- Opening Delimiter -
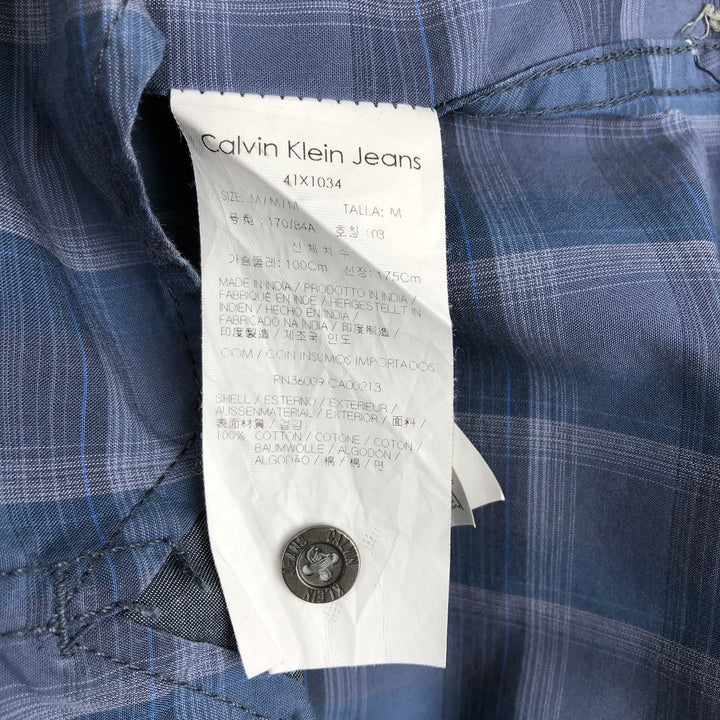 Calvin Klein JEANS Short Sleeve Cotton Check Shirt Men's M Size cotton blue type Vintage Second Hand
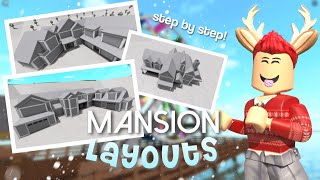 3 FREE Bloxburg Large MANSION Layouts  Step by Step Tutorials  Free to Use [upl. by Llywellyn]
- Closing Delimiter -
- Opening Delimiter -
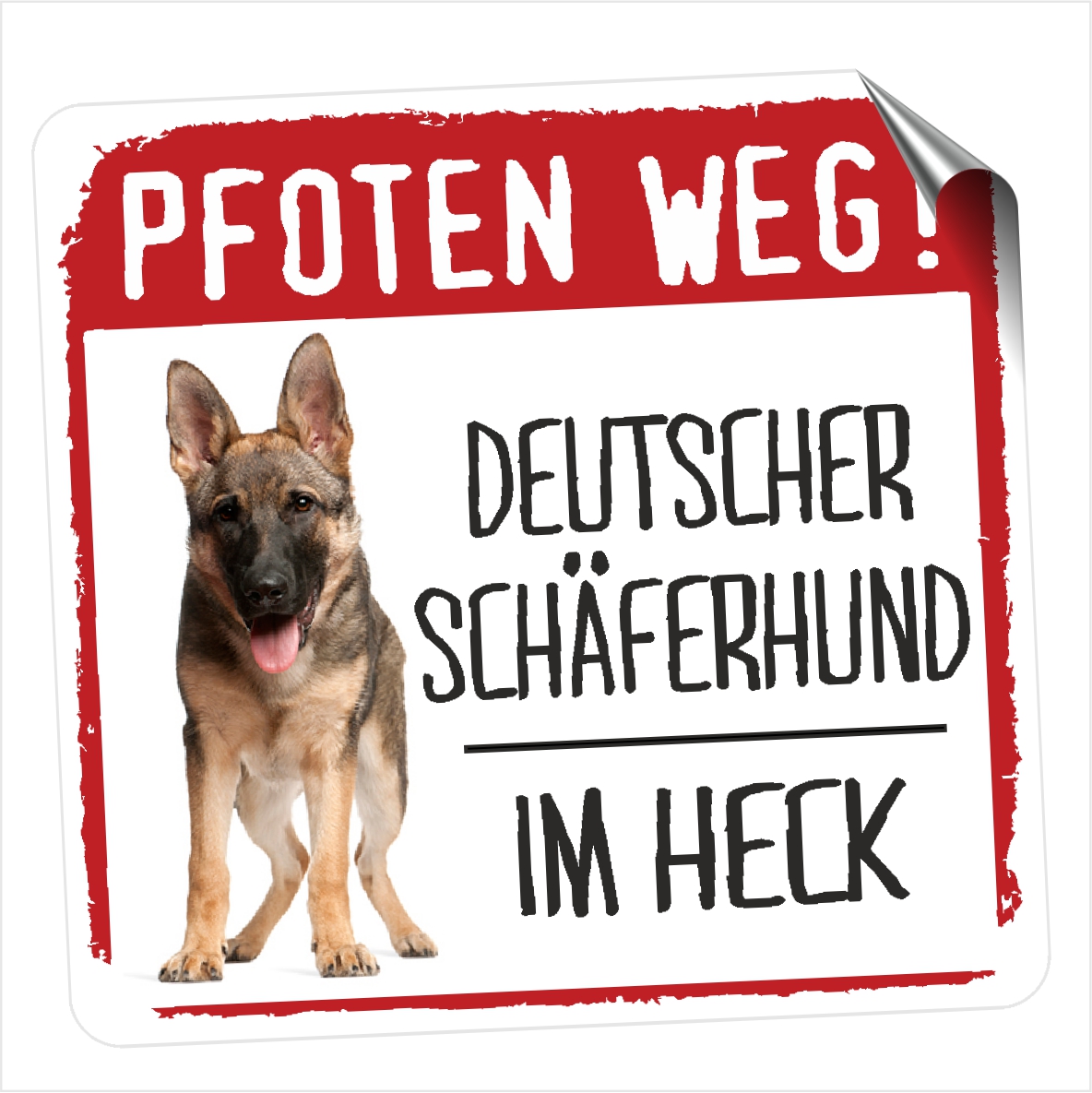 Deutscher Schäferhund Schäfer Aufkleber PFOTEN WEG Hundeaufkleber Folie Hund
- Closing Delimiter -
§ **Exercise objective**
For this exercise, set down the lines in the entries above from the one with "Calvin Klein JEANS" through the one with "3 FREE Bloxburg" exactly as written, without any pictures.

§ **Written response**
 Calvin Klein JEANS Short Sleeve Cotton Check Shirt Men's M Size cotton blue type Vintage Second Hand
 3 FREE Bloxburg Large MANSION Layouts  Step by Step Tutorials  Free to Use [upl. by Llywellyn]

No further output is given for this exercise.